__Data for analysis__:
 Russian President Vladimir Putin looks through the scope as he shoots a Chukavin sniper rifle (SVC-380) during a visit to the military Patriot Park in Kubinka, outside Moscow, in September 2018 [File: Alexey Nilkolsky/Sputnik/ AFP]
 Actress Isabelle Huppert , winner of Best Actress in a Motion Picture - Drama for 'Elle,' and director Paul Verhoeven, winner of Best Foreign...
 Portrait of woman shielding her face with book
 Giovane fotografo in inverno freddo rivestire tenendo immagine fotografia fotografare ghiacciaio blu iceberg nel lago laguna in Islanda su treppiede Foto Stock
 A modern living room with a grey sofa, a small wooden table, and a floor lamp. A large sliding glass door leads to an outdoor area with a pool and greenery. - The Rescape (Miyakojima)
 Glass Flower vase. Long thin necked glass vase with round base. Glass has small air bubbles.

---

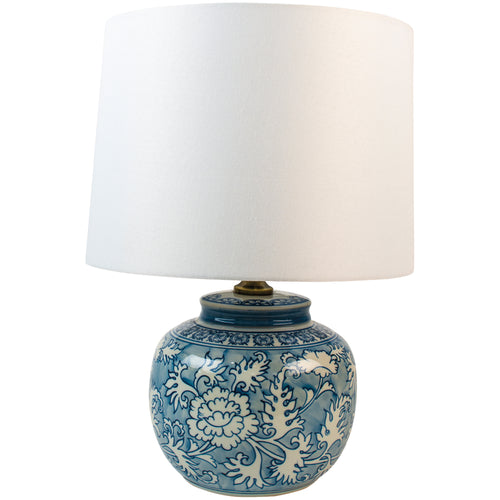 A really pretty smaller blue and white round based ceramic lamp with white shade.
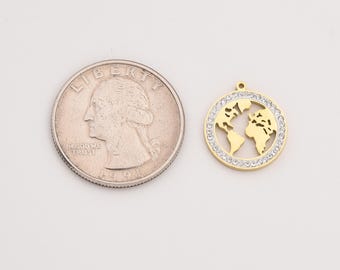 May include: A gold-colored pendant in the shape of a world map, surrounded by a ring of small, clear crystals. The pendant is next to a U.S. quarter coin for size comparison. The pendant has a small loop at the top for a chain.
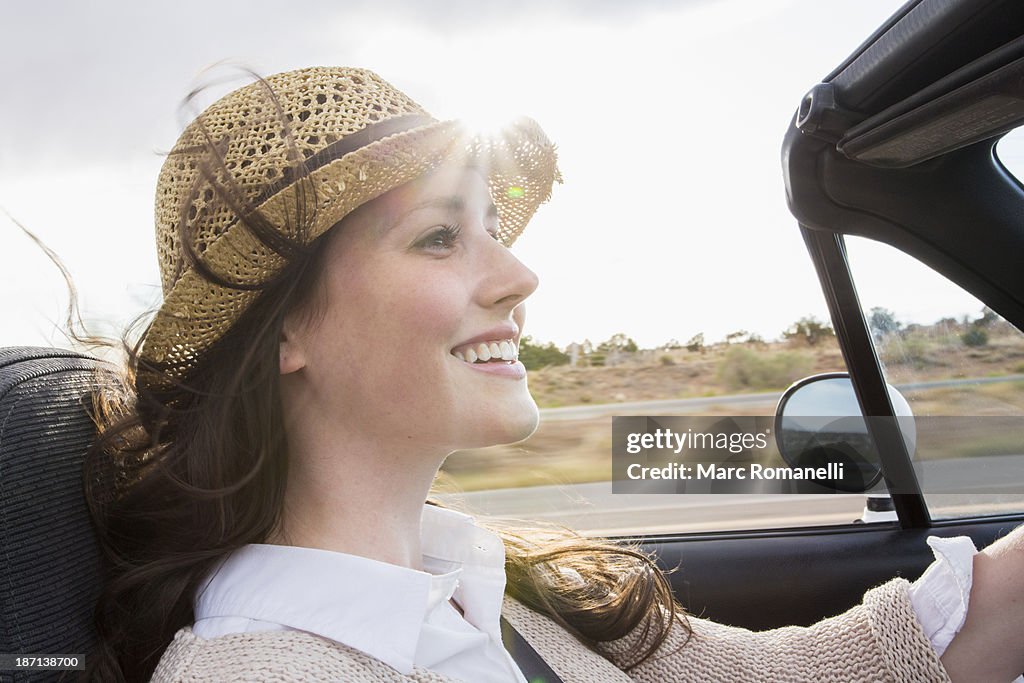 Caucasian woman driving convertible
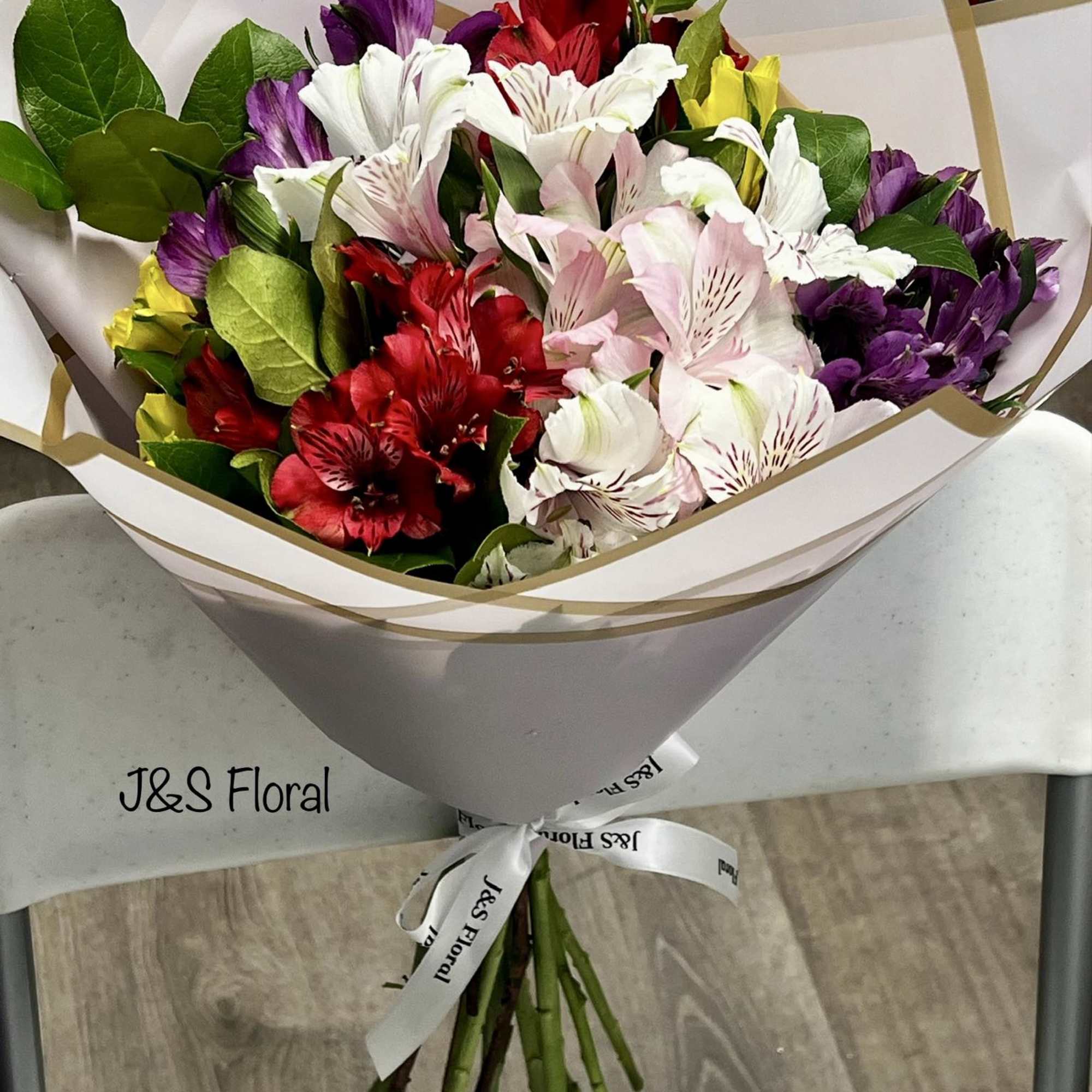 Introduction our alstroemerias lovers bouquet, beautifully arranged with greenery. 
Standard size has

==

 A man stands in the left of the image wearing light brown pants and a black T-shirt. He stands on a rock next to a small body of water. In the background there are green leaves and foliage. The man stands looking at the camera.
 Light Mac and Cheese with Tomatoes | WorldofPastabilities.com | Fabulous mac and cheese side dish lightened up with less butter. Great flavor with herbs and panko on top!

__Exercise instructions__:
For the material above, reproduce exactly the lines from the line with "A modern living" to the line with "Glass Flower vase.", inclusive, and exclude all others.

__Result__:
 A modern living room with a grey sofa, a small wooden table, and a floor lamp. A large sliding glass door leads to an outdoor area with a pool and greenery. - The Rescape (Miyakojima)
 Glass Flower vase. Long thin necked glass vase with round base. Glass has small air bubbles.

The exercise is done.